[Crawled caption data]
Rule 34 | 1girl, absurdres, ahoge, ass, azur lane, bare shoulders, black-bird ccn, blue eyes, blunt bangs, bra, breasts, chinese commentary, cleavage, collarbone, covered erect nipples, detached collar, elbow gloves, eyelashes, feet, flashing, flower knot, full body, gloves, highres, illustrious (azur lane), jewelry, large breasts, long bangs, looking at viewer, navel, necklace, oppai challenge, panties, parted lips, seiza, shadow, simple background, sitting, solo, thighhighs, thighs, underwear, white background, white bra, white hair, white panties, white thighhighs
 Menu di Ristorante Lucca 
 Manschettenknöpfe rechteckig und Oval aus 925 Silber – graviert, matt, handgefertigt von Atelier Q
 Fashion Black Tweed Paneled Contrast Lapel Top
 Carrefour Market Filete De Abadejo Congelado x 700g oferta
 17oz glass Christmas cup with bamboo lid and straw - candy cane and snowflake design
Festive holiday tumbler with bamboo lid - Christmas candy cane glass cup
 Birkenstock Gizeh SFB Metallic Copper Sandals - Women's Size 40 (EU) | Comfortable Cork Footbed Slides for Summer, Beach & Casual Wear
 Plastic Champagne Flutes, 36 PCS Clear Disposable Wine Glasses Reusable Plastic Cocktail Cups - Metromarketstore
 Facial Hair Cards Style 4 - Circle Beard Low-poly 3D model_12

Brief
If a line in the data contains the string "bamboo", copy it.

Answer for this exercise
 17oz glass Christmas cup with bamboo lid and straw - candy cane and snowflake design
Festive holiday tumbler with bamboo lid - Christmas candy cane glass cup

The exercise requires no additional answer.